Only 13% of investors expressed concern that the central bank was declining. The Federal Reserve has announced that it will not slow down the pace of its asset purchases until the US economy makes “significant further progress” towards reaching inflation above 2% and maximum employment. At present, the Fed continues to buy at least $ 80 billion in Treasuries and $ 40 billion in secured mortgages each month.

A recession scenario was the least feared market risk and received only 9% of investors’ votes.

Almost 60% of investors thought that cryptocurrencies were in a bubble. Bitcoin had just fallen from peaks of almost $ 40,000 at the time of the conference and is now trading close to $ 52,000.

Only 11% of investors said they trade in cryptocurrencies, and of those who said they do not, 22% plan to start. A majority of respondents said they believe cryptocurrencies are “here to stay.” More than three quarters of respondents expect tighter regulation of the cryptocurrency market, and almost all investors believe that fraud is either something or very common in space.

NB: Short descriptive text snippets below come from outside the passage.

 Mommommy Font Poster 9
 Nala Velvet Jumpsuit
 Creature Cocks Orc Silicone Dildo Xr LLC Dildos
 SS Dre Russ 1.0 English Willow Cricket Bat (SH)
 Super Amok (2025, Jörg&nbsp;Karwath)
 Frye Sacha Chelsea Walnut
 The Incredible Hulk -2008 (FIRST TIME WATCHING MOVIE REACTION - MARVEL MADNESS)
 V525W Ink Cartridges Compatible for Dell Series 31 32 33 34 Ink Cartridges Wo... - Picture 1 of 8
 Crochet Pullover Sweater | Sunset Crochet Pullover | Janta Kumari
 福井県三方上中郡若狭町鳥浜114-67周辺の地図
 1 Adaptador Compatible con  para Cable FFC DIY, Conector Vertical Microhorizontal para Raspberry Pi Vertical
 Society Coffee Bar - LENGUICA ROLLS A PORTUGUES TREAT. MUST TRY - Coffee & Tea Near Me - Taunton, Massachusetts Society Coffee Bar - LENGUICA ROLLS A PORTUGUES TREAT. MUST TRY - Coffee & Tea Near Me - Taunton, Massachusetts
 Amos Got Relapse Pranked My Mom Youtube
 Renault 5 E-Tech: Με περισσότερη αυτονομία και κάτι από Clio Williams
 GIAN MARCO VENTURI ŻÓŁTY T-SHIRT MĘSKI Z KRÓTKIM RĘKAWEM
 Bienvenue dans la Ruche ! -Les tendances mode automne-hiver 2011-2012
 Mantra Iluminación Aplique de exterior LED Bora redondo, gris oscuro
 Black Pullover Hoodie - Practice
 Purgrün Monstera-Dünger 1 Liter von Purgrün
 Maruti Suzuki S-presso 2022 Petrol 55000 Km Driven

Electric cars and green tech stocks were seen as a bubble by 29% of investors surveyed, according to JPMorgan. Only 3% of investors saw bond proxies trading in bubble territory despite the fact that returns were close to record lows.

Almost half of the survey respondents see that ESG funds receive the largest inflows, while risk parity strategies are expected to see the largest outflows. About 84% of investors expect earnings growth to continue when the economy reopens and sick sectors recover.